We present the results of our investigation into the stellar populations of 24 radio galaxies at z≃ 0.5 drawn from four complete, low-frequency-selected radio surveys. We use the strength of the 4000-Å break as an indicator of recent star formation and compare this with radio luminosity, optical spectral classification and morphological classification. We find evidence of different star formation histories for high- and low-luminosity radio sources; our group of low radio luminosity sources (typically Fanaroff–Riley type I sources) has systematically older stellar populations than the higher radio luminosity group. Our sample is also fairly well divided by optical spectral classification.

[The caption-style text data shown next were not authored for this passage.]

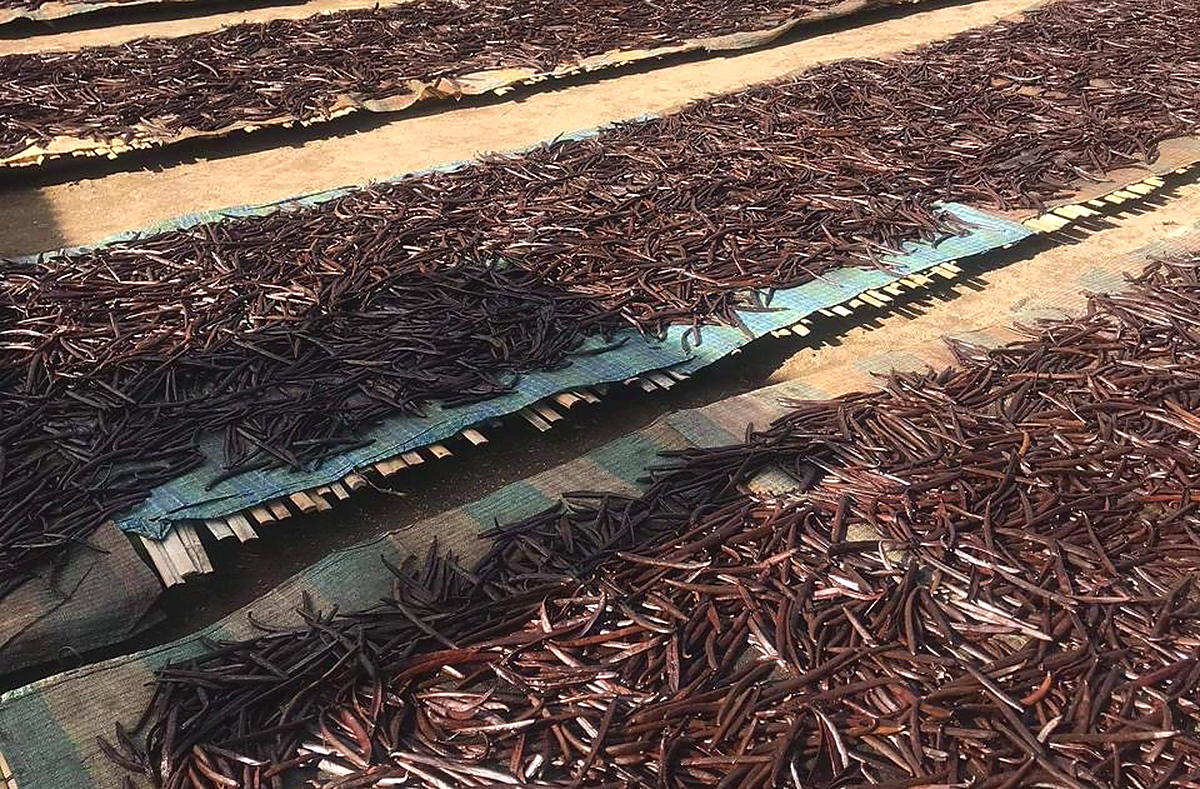 Nattes de gousses de vanille séchant au soleil dans la SAVA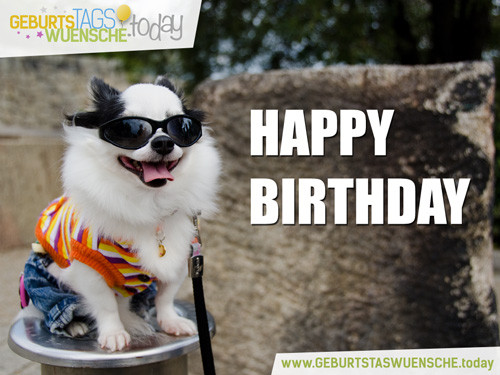 Geburtstagsbilder Hund
 Kostenlose Geburtstagsbilder lustiges Bild "Happy Birthday"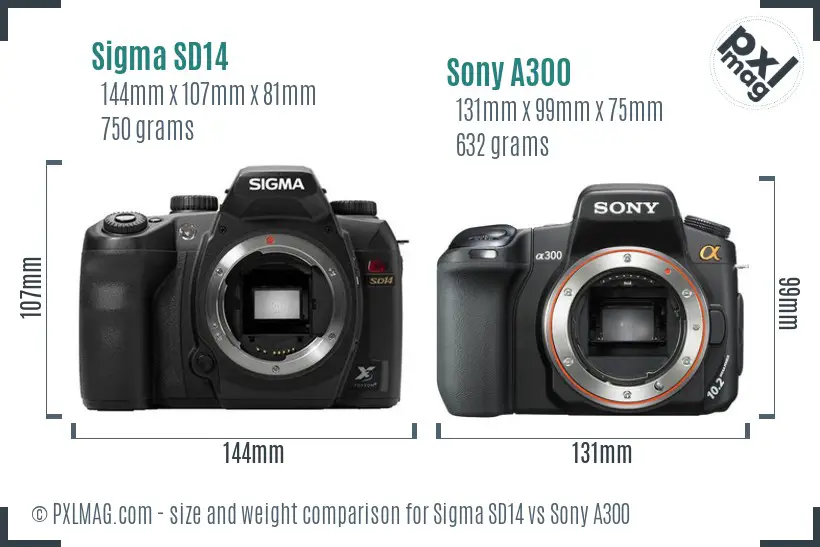 Sigma SD14 vs Sony A300 size comparison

We find that galaxies classified as having low excitation spectra (LEGs) possess older stellar populations than high excitation line objects (HEGs), with the HEGs showing evidence for recent star formation. We also investigate the link between radio morphology, as used by Owen and Laing, and the stellar populations. We find that there is a preference for the ‘fat-double’ sources to have older stellar populations than the ‘classical double’ sources, although this is also linked to these sources lying predominantly in the LEG and HEG categories, respectively. These results are consistent with the hypothesis that HEGs are powered by accretion of cold gas, which could be supplied, for example, by recent mergers, secular instabilities or filamentary cold flows. These processes could also trigger star formation in the host galaxy. The host galaxies of the LEGs do not show evidence for recent star formation and an influx of cold gas and are consistent with being powered by the accretion of the hot phase of the interstellar medium.